_Exercise instructions_
Produce exactly the lines from the one holding "the woman is" through the last line of the data below, with every picture left out.

_Source data_
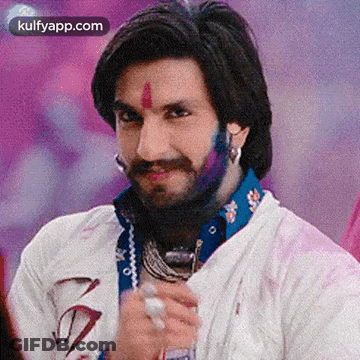 A Man With A Beard And Mustache Is Wearing A White Shirt And Holding A Glass . GIF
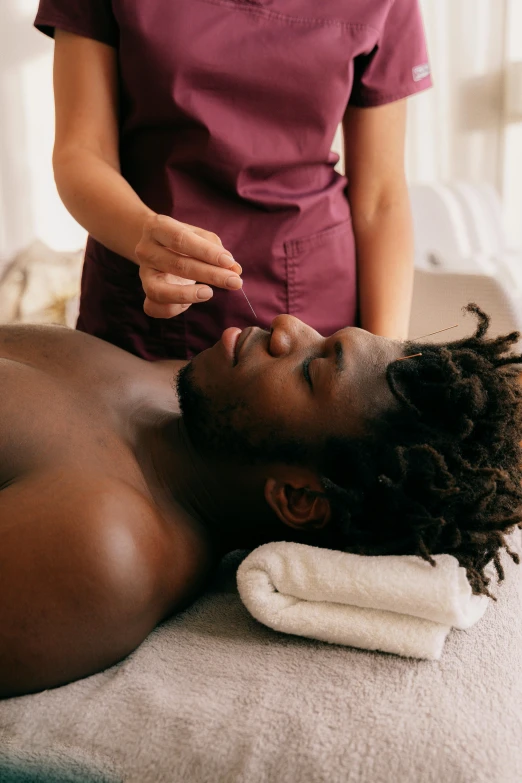 the woman is in the spa getting her face touched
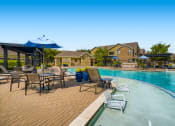 Thumbnail 49 of 84 - a swimming pool with chairs and umbrellas next to club house at Grand Villas Apartments, Katy, Texas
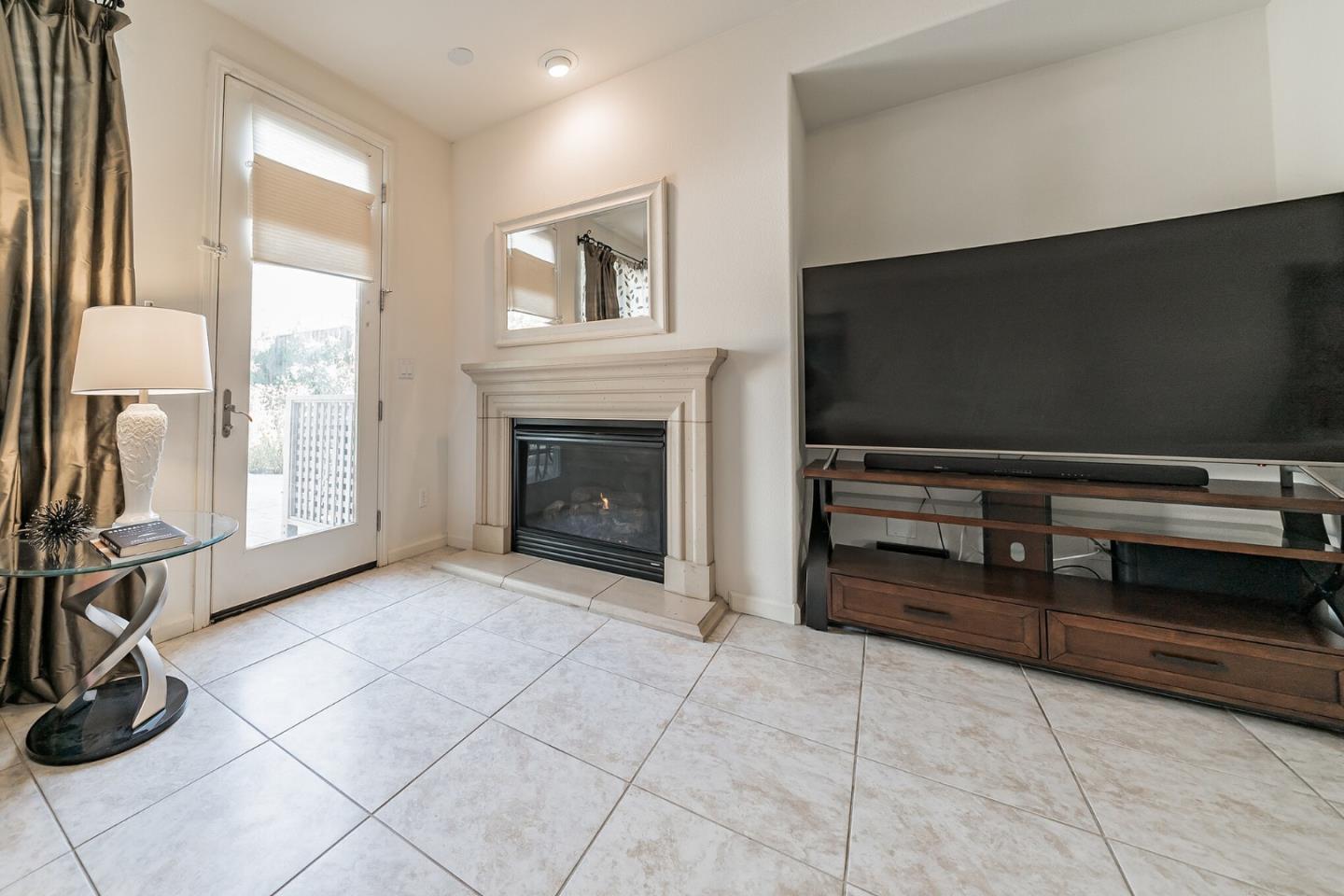 3830 Highbury Way San Ramon, CA 94582 - Photo 26 of 38 a living room with furniture a flat screen tv and a fireplace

_Exercise output_
 the woman is in the spa getting her face touched
 Thumbnail 49 of 84 - a swimming pool with chairs and umbrellas next to club house at Grand Villas Apartments, Katy, Texas
 3830 Highbury Way San Ramon, CA 94582 - Photo 26 of 38 a living room with furniture a flat screen tv and a fireplace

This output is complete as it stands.